Options are a way of leveraging up your trading. They can be used in a number of ways to hedge your investments or speculate on the market.
These types of derivatives are very popular in the United States with brokerages like Robinhood making options trading easily accessible to retail investors. But what about Europe, are there any decent brokerages?
In this blog post, I will give you a brief a rundown on three brokerages that do allow options trading in Europe and what my own personal recommendation would be.
Degiro is another broker which allows options trading in Europe but it is quite limited in functionality and choice.
When you are trading options on Degiro you will be limited to mostly options on European stocks. The only US-based options available are a couple of Index options:
- DJX (Dow Jones Industrial Average)
- RUT (Russell 2000 Index)
- XSP (S&P 500 Mini Index)
- ES (E-mini S&P 500)
- NQ (E-mini NASDAQ 100)
Options trading requires a lot more analysis, you are not just concerned with analysing the underlying stock but also keeping an eye on option specific metrics such as volatility and time decay will be just as important.
As you can see from figure 1 the Degiro trading platform has the usual options chain you would expect but it does not provide the investor with any useful analytics to help their investing decisions. Another resource will be needed to be used in tandem with Degiro if you are to trade effectively.
On the plus side for Degiro, if you are happy to trade options on European stocks then Degiro is one of the lowest fees brokerage firms in Europe. See the below table with details of the fees they charge on options:
|Eurex (Germany)||€0.75 per contract|
|MEFF (Spain)||€1.50 per contract|
|Euronext LIFFE (The Netherlands, Belgium, France, Portugal)||€2.00 per contract|
|Other Countries||€0.75 per contract|
If you are new to options trading it can be very overwhelming, and what is even more daunting is trying to learn when trading with real money. This can often put many people off options trading
A great feature that Interactive Brokers have on their platform is the ability to paper trade (simulation) with fake money if you want to learn options trading in a risk-free environment.
Interactive Brokers offer lots and lots of data and analytics to assist your Options trading such as:
- Implied Volatility
- The Greeks (Delta, Gama, Vega and Theta)
- Max Return
- Max Loss
- Commission Previews
- Minimum Investment
- Margin Impact
- Payoff diagrams
Another cool feature of Interactive Brokers is their strategy builder which allows you to add multiple legs to your order this way you can easily build and trade with common options trading strategies such as Iron Condors, Collars, Straddles, Strangles, etc.
The fees for Interactive Brokers will vary from country to country, as an example let’s take a look at the fees for the Netherlands. The fees will differ slightly depending on your circumstances and whether you are on the tiered or fixed fees.

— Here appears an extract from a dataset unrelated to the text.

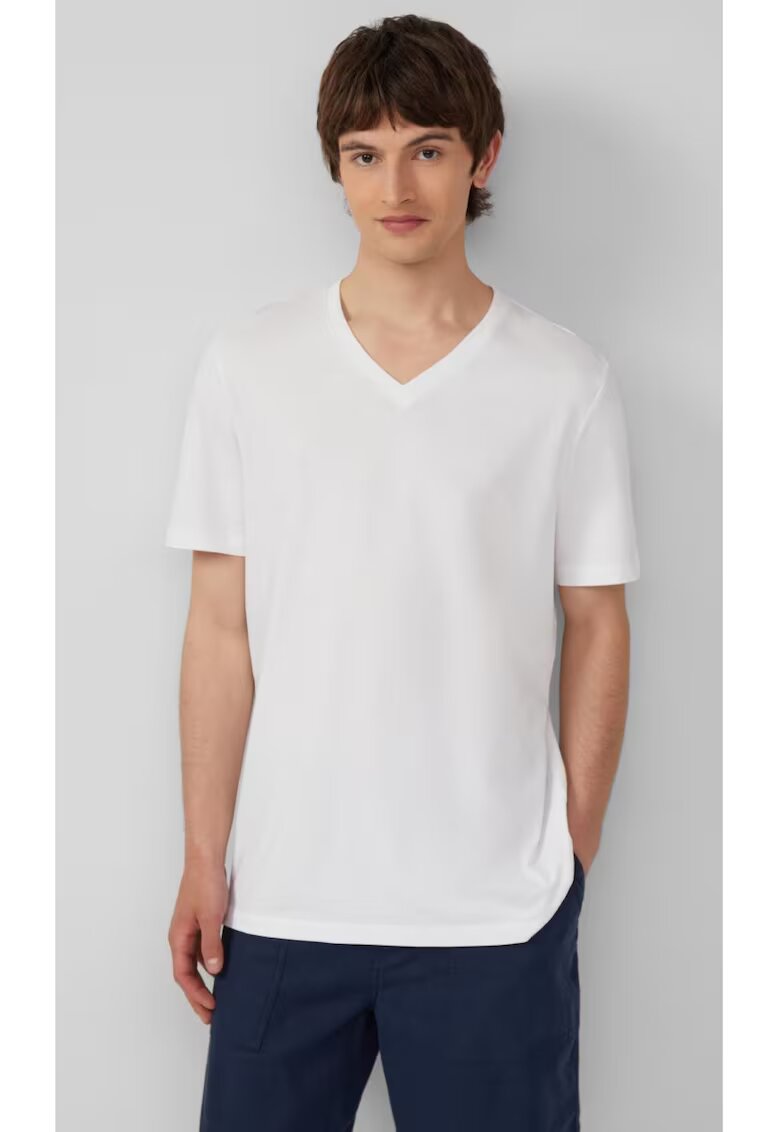 sOliver Tricou barbati cu decolteu in V - Regular fit - din bumbac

Saxo Bank is another broker that will allow you to trade US Options and the layout of their platform is very nice.
It is very easy to build legs to your strategies and see key metrics and pay off diagrams.
But where Saxo Bank really falls down is the fees.
Unless you have a VIP account, options trading with Saxo Bank is much more expensive than other brokerages, with Classic account holders paying €3 per contract.
I think you will agree from reading the brief rundowns on the 3 brokerages above that there is one clear winner and that is Interactive Brokers.
Most of us will be interested in trading US options and that rules out Degiro straight away as it only has a limited amount of US index options.
The next important factor is the fees, Interactive Brokers wins this battle as it has much cheaper fees per contract than Saxo Bank.
Overall, both Saxo Bank and Interactive brokers service users well in terms of analytics and graphs to support strategy building, but Interactive Brokers is far more adaptable.
Disclaimer: This blog post is for informational and educational purposes only and should not be construed as financial advice. Options are complex instruments and come with a high risk of losing money rapidly due to leverage.